━━━ DATASET EXCERPT ━━━

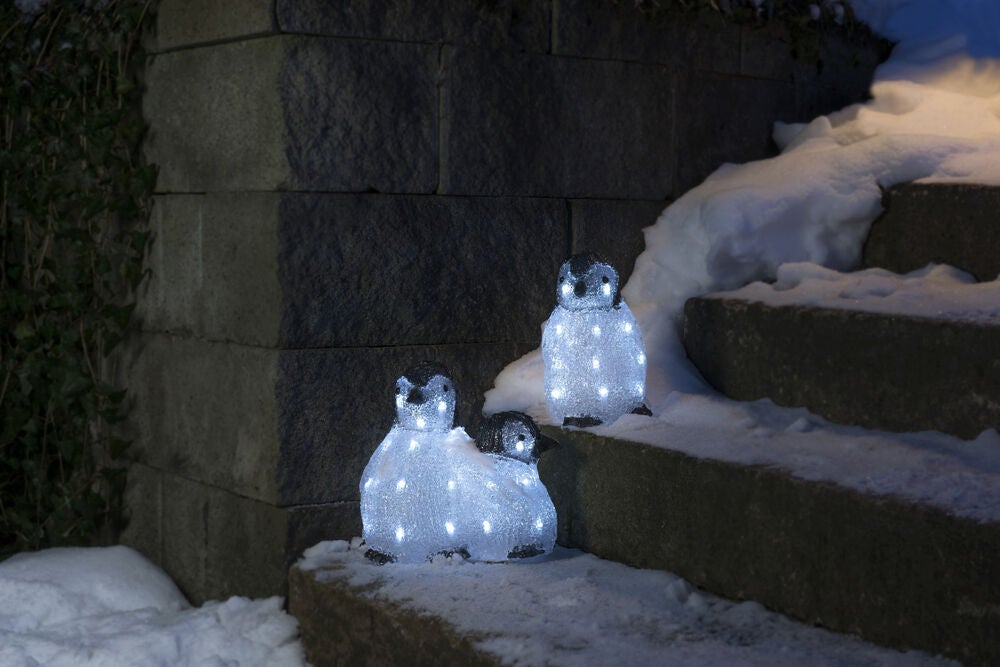 Acrylic Penguin Family 48 LED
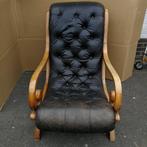 Engels vintage Chesterfield style lig zetel, Leder fauteuil,, Antiek en Kunst, Ophalen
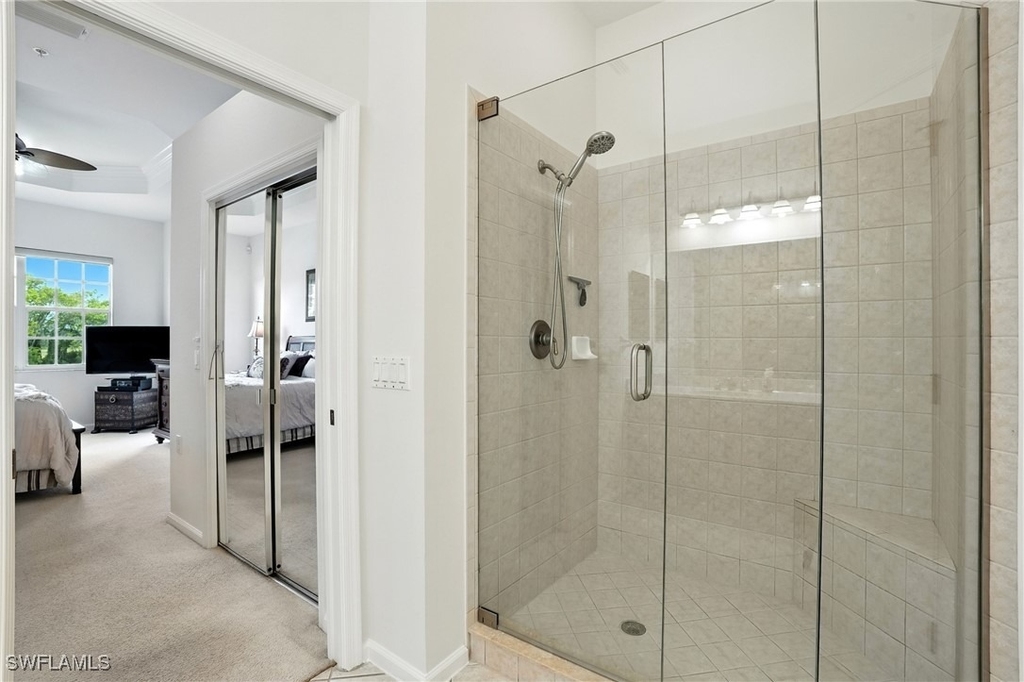 10080 Valiant Court - Photo 14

━━━

▶ _INSTRUCTIONS FOR THE TASK_:
In your reply, please print exactly the lines from the one with "Engels vintage Chesterfield" through the final line of the listing above, both included, and no pictures.

▶ _ANSWER SPACE_:
 Engels vintage Chesterfield style lig zetel, Leder fauteuil,, Antiek en Kunst, Ophalen
 10080 Valiant Court - Photo 14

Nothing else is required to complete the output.